* **Dataset**
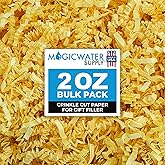 MagicWater Crinkle Cut Paper for Gift Baskets - 2 Oz - Canary - Perfect for Shredded Paper Filler, Basket Filler, Gift Boxes, Bridesmaid Gifts, Christmas Stuffers & More – Ideal for All Occasions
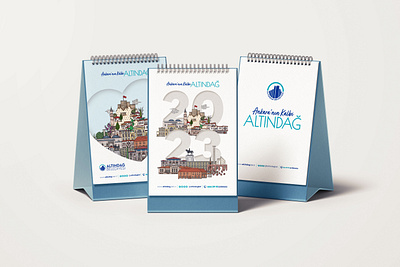 Desk Calendar for Altındağ Municipality adobe indesign adobe photoshop altındağ altındağ belediyesi altındağ municipality ankara calendar calendar design city illustration design desk calendar digital illustration graphic design illustration landmarks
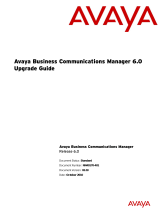 Avaya Business Communications Manager 6.0 Upgrade Guide
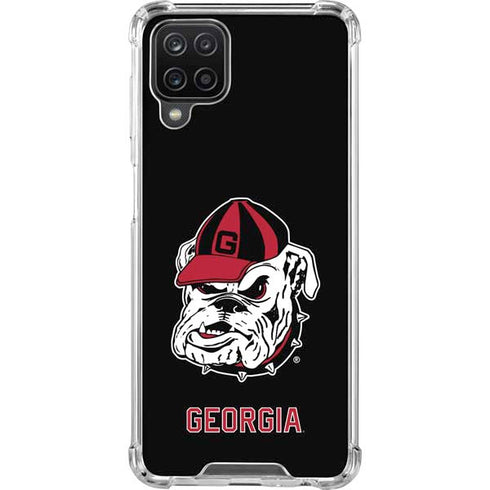 University of Georgia Bulldogs Mascot Galaxy A12 Clear Case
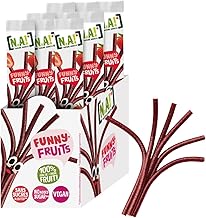 NA! - Funny Fruits Erdbeere/Apfel - Lustiger Fruchtstick zum Auseinanderziehen und Teilen - natürlicher Snack für Kinder - 100% Frucht, ohne Zuckerzusatz, vegan - für Sport, Schule - 15x16g Test 2025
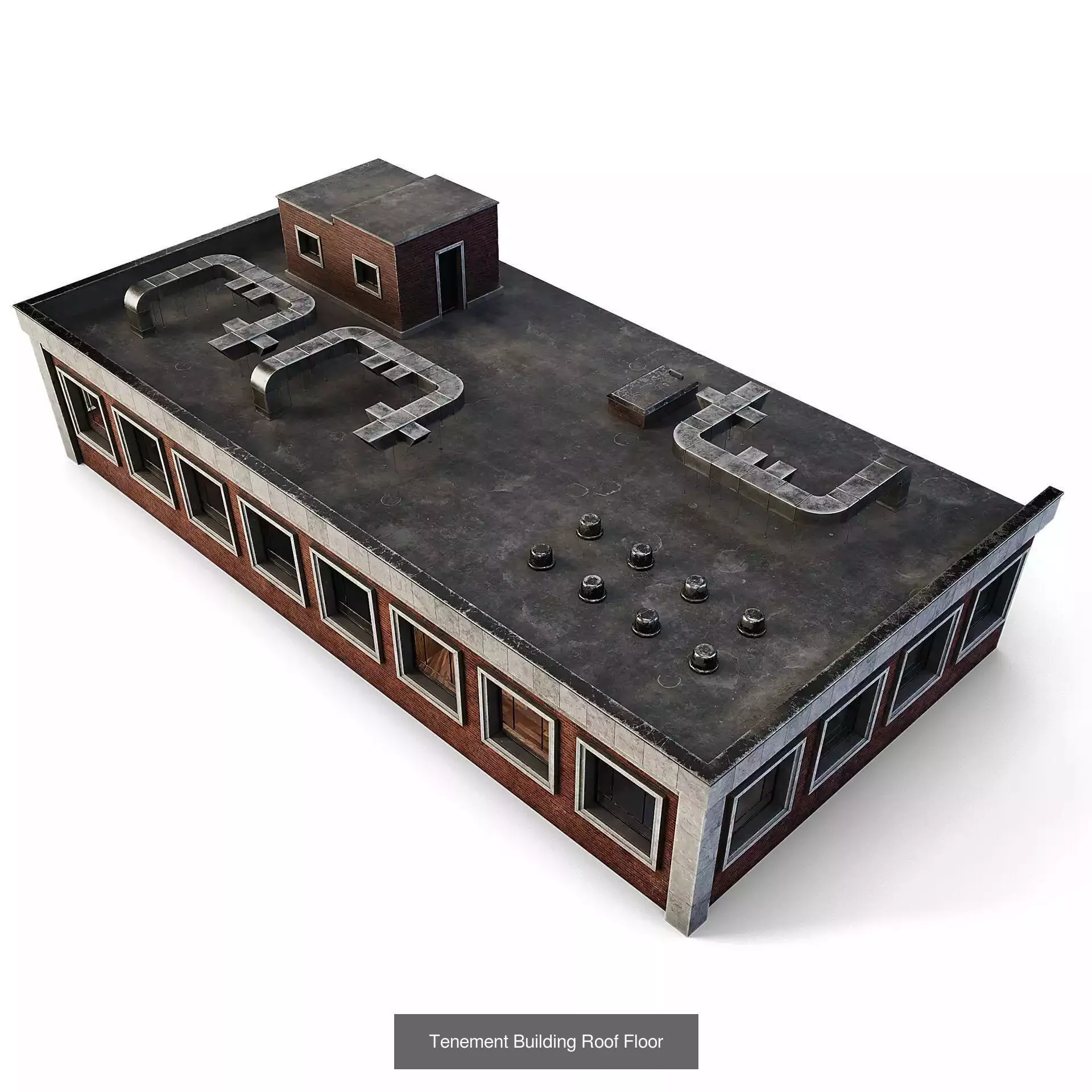 CGAxis Cityscape 3D Model Collection_26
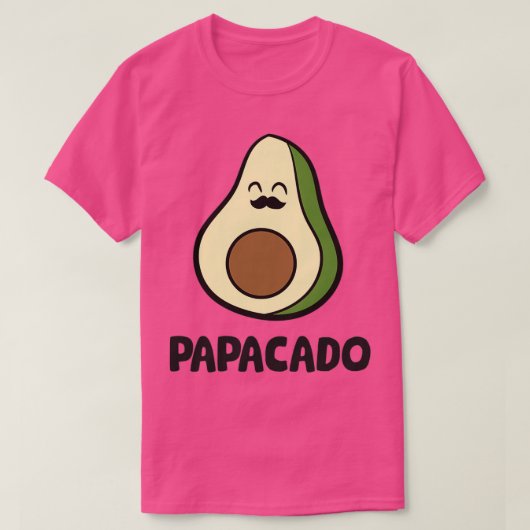 Avocado Dad Vegan Guacamole Avocado Papacado T-shirt (Design voorkant)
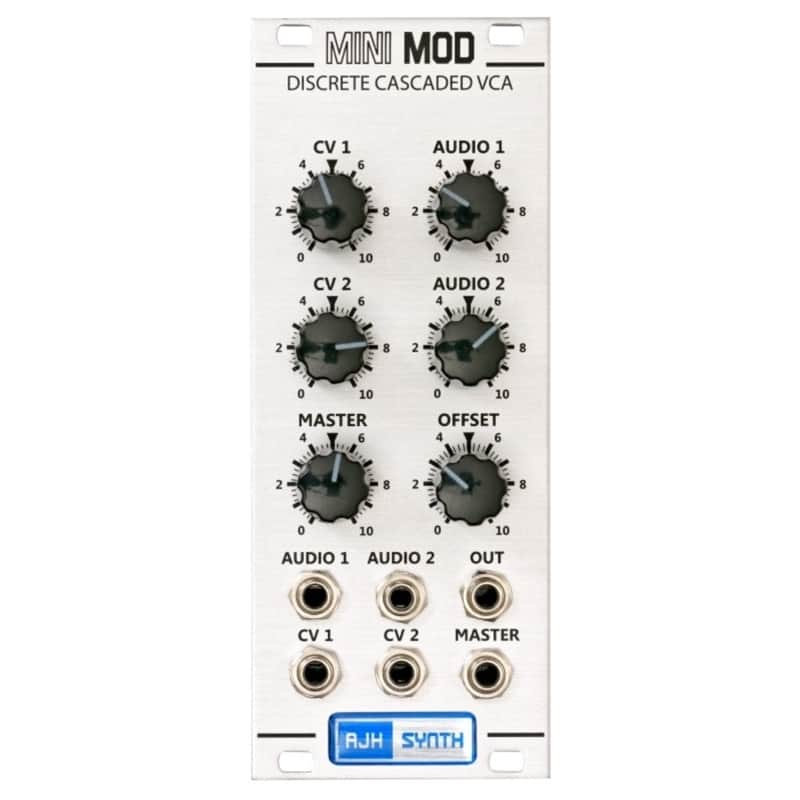 AJH Synth AJH Synth MiniMod VCA Eurorack Module (Silver) Silver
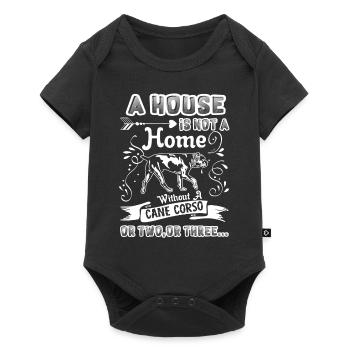 Cane Corso Home Without Cane Corso - Baby Premium short-sleeve bodysuit - black - Front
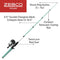 Zebco Roam Spincast Reel and Telescopic Fishing Rod Combo, Extendable 18.5-Inch to 6-Foot Telescopic Fishing Pole with ComfortGrip Rod Handle, Quickset Anti-Reverse Fishing Reel, Seafoam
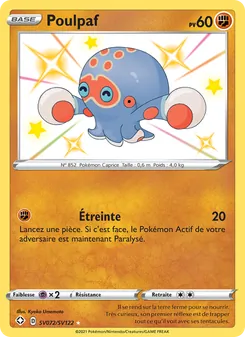Carte Pokémon Poulpaf SV072 — Destinées Radieuses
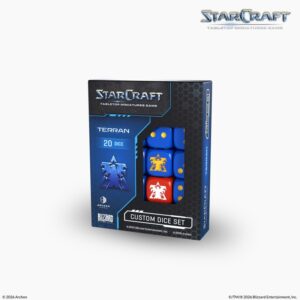 Pre Venta 06/11/2026 – StarCraft The Miniatures Game: Custom Dice Set: Terran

* **What to produce**
Beginning with the line that contains "Avaya Business Communications" and ending with the last line of the entries above, repeat each line exactly, but not the pictures.

* **Solution below**
 Avaya Business Communications Manager 6.0 Upgrade Guide
 University of Georgia Bulldogs Mascot Galaxy A12 Clear Case
 NA! - Funny Fruits Erdbeere/Apfel - Lustiger Fruchtstick zum Auseinanderziehen und Teilen - natürlicher Snack für Kinder - 100% Frucht, ohne Zuckerzusatz, vegan - für Sport, Schule - 15x16g Test 2025
 CGAxis Cityscape 3D Model Collection_26
 Avocado Dad Vegan Guacamole Avocado Papacado T-shirt (Design voorkant)
 AJH Synth AJH Synth MiniMod VCA Eurorack Module (Silver) Silver
 Cane Corso Home Without Cane Corso - Baby Premium short-sleeve bodysuit - black - Front
 Zebco Roam Spincast Reel and Telescopic Fishing Rod Combo, Extendable 18.5-Inch to 6-Foot Telescopic Fishing Pole with ComfortGrip Rod Handle, Quickset Anti-Reverse Fishing Reel, Seafoam
Carte Pokémon Poulpaf SV072 — Destinées Radieuses
 Pre Venta 06/11/2026 – StarCraft The Miniatures Game: Custom Dice Set: Terran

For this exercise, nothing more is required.